Por mucho que su imaginación jugase con lo que pudo ser y no fue, Gaziel no se engañaba: “Estoy llegando al final de mi vida y no he sido más que un periodista. […] Y no me arrepiento en absoluto”. Para recordatorio de quienes denuncian que Gaziel no adoptó las convenientes medidas profilácticas contra el virus del periodismo, ahí tienen la declaración sin rastro de contrición y también las que realizó en otras ocasiones enorgulleciéndose públicamente de su carrera. Así lo hizo en 1934, cuando se cumplían veinte años de la publicación de su primer artículo en la prensa:

¿Cuál ha sido mi labor en esos veinte años? Una labor muy simple: publicista libre, desligado de todo partidismo, procuré decir siempre a mis lectores lo que me pareció más conveniente en cada caso, ante cada problema. Bien: lo más conveniente ¿a quién? ¿A mí…?
[…] A mí, periodista ingenuo, no sé por qué extraña ilusión u oscuro instinto, se me ocurrió preocuparme por el bien público. Naturalmente: lo mismo en veinte años, que en veinte mil, es ésta un peregrina preocupación que, sentida con candor y a secas, prácticamente no conduce a nada.
Yo no recuerdo haber escrito, entre tantos millones de palabras, ni una sola línea dictada por el interés personal.

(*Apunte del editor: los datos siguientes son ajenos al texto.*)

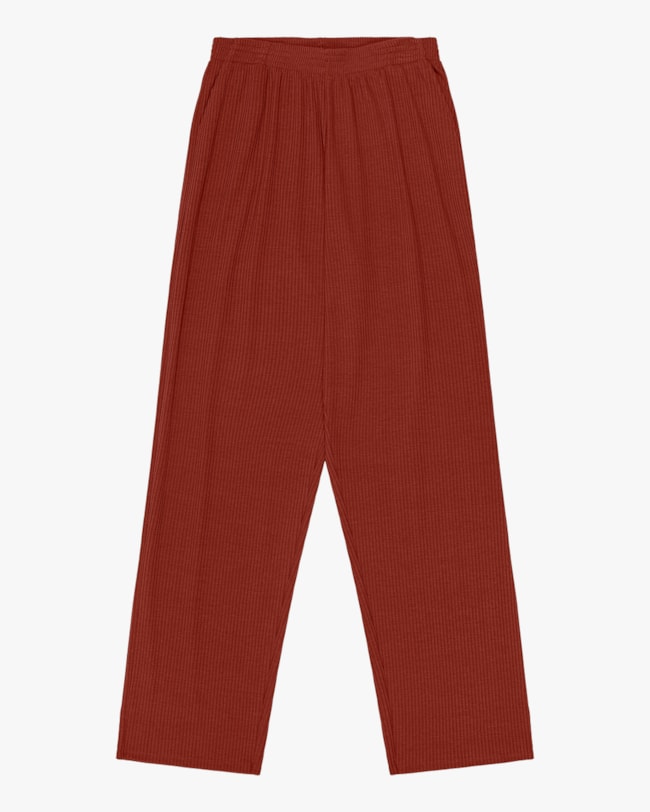 Calça Básica Feminina em Canelado Cereja Rosa Ferrugem-08b49b72-e1e8-4421-8a7d-cf8664d9e9fb
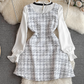 Little Chanel style celebrity temperament fake two-piece long-sleeved stand-up collar waist A-line coarse flower dress R0387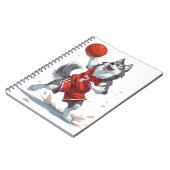 Alaskaanse Malamute-hond speelt basketbal Notitieboek (Linkerzijde)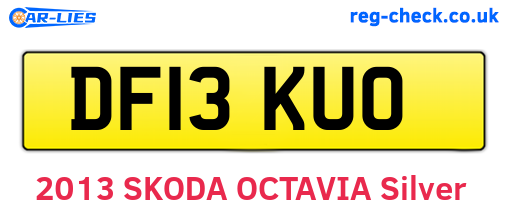 DF13KUO are the vehicle registration plates.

Millares de artículos ha ido labrando sobre el papel mi pluma, como en el campo los surcos que con su arado abre el labrador; enjambres de ideas lancé a manos llenas, como el sembrador las semillas; y nunca, ni una sola vez, lo hice movido por un afán de beneficio propio. Me habré podido equivocar mil veces, otras, algunas, habré dado en el clavo. Pero siempre mis aciertos han sido tan gratuitos, tan desinteresados como mis errores”.
Gaziel bien podía preciarse de su independencia y de haber ejercido el periodismo como un fin en sí mismo y no “a manera de trampolín, como tantos, sólo el tiempo necesario para escalar otros planos más altos y otras situaciones más pingües”. Lo que no obstaba para que supiera lo que aquellos veinte años de periodismo podrían haber rendido en otra ocupación:
“En veinte años, con un poco de inteligencia y con la actividad, sin duda considerable, desplegada por mí, hoy yo podría haber sido un comerciante, un industrial, un financiero, un abogado, un político, no diré de primera ni de segunda fila, pero sí, tal vez, de cuarta o quinta, de ésos que tienen sólidamente remachada ya, contra viento y marea, una fuerte posición social, que se sustenta en copiosos bienes muebles e inmuebles, cuentas corrientes, hipotecas, valores bursátiles o altas consejerías remuneradoras. No he de hacer más que mirar a un lado y otro, desde mi polvoriento camino, y ahí los veo, a esos hombres admirables, con sus haciendas, sus fábricas, sus almacenes, sus villas y sus palacetes. […] Y lo curioso es que incluso algunos pretenden modestamente que yo valgo más que ellos. ¿A qué valor se referirán?...”
El periodismo había sido un oficio menudo, uno de los modos de vivir que difícilmente dan para vivir, “no un negocio malo, sino pésimo” que, además, no le había reportado ningún honor.
“¿Honores? ¡Santo Dios! Creo, sinceramente, ser el único español a quien todavía no se le ha hecho un homenaje. […] De suerte que cuando veo, en días de gala, a esos señores con el pecho acribillado de condecoraciones, o simplemente, cuando en el despacho de cualquier abogado, médico, industrial, o en la rebotica de un tendero o en el camerino de una cupletista contemplo tantas placas, medallas, diplomas, dedicatorias y otros afectuosos ex votos; cuando diviso por el mundo tanto botarate encumbrado, tanto granuja enriquecido, los ojos se me pasman, la boca se me entreabre largamente, y yo me digo con razón: ‘¡Qué poco debes de ser tú, cuando jamás has merecido nada de eso!’. Pero lo más extraño de todo es que esta reflexión no me apesadumbra en lo más mínimo, sino que -¡seré yo loco!- al hacérmela siento brotar en la soledad de mi alma el calorcillo de un orgullo casi irreprimible”.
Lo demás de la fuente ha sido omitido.